A workpiece polished by soft abrasive flow polishing has the advantages of low damage and ultrasmoothness. However, due to the need to use a constrained flow path, the fluid dynamic pressure on the near wall surface of the workpiece has a gradient distribution, so achieving uniform polishing of workpieces of large size is difficult. To address this problem, this paper proposes a new method of soft abrasive rotary flow (SARF) polishing to achieve low damage, ultrasmooth, uniform polishing of a large-size K9 optical glass surface. A new SARF polishing system and a 6-outlet rotary polishing tool are designed. The SARF polishing principle is analyzed, and a polishing experiment is conducted on K9 glass. The experiment of surface roughness improvement of the K9 optical glass is designed by Taguchi method.
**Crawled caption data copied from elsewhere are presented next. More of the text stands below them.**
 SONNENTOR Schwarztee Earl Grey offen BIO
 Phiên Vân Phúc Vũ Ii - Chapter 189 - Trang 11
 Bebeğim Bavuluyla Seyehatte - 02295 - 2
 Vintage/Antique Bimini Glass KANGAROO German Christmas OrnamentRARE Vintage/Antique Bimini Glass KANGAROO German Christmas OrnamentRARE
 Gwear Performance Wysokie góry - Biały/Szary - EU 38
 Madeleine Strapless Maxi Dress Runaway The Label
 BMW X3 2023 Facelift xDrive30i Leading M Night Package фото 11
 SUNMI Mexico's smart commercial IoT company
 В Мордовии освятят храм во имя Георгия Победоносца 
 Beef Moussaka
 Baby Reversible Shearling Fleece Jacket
Orthogonal arrays and the signal-to-noise ratio (S/N) are used to determine the optimal parameters for SARF polishing. Analysis of variance (ANOVA) is used to determine the effect of the main polishing parameters on the surface roughness of K9 glass. According to the results of the polishing experiment using a Taguchi L18 orthogonal array and S/N ratio analysis, the optimal parameters for K9 glass SARF polishing are revealed to be as follows: the abrasive material is CeO2, the polishing pressure is 0.35 MPa, the abrasive particle concentration is 5 wt.%, the average size of the abrasive particles is 0.7 μm, the polishing time is 1.5 h and the platform rotation speed is 10 rpm. After polishing the sample for 1.5 h under these parameters, the surface roughness decreases from the original value of Ra = 37.28 nm to Ra = 4.51 nm, and the surface roughness improves by 87.9 %.